This study employed a suite of observational and reanalysis datasets to investigate the relationship between precipitation (PRECIP) variability in the Caribbean region and sea surface temperatures (SSTs) in the tropical North Atlantic (tNA). For the observed trends in SSTs and PRECIP, the Extended Reconstructed Sea Surface Temperature version 5 (ERSSTv5) dataset and Global Precipitation Climatology Project (GPCP) monthly analysis were used. ERSSTv5 provides global monthly SSTs based on the International Comprehensive Ocean-Atmosphere Dataset (ICOADS) with a spatial resolution of 2° × 2° and temporal coverage from January 1854 to the present42. The GPCP is a temporally and spatially consistent 2.5° × 2.5° dataset of monthly rainfall fields from January 1979 to the present, comprising satellite data, rain-gauge station data, and sounding observations43. For atmospheric variables, including 925-hPa zonal wind speeds, convective available potential energy, convective inhibition, and 300-hPa air temperatures, the fifth-generation ECMWF reanalysis (ERA5) dataset was used.
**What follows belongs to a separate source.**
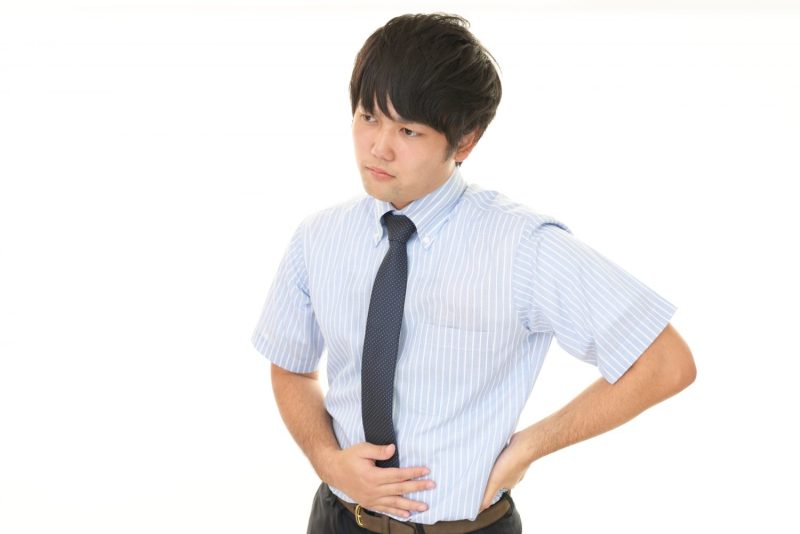 お腹を押さえる男性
ERA5 data are available from January 1940 to the present and have a native horizontal resolution of 0.25° × 0.25° 44,45. The data were further coarsened to a 2.5° × 2.5° grid resolution to be comparable with the observations.

Climate Indices

The Caribbean region is defined as 5°–25°N and 90°–60°W1, whereas the tNA domain is defined as 5°–25°N and 80°–15°W. The Caribbean low-level jet index (CLLJ) is defined as the 925-hPa zonal wind speed averaged over the domain 13°–17°N and 80°–70°W6,7,12. The zonal SST gradient (RSSTCAR) is defined as the difference between Caribbean SSTs (SSTCAR) and equatorial eastern Pacific SSTs in the Niño-3.4 region (5°S–5°N, 170°–120°W)4,16,18,37,40.

The SST convective threshold

The SST convective range for the Caribbean region is defined as 27°–29 °C14,28,29, and the static convective threshold is defined as 27.6 °C, corresponding to 3.5 mm day−1 based on the SST-rainfall relationships plotted in Fig. 1.

Linear trends

The statistical significance of linear trends over time was determined using the non-parametric Mann-Kendall test for monotonic trends. The test was performed using the PyMannKendall Python package46. The strength of the other linear relationships was determined using ordinary least squares methods.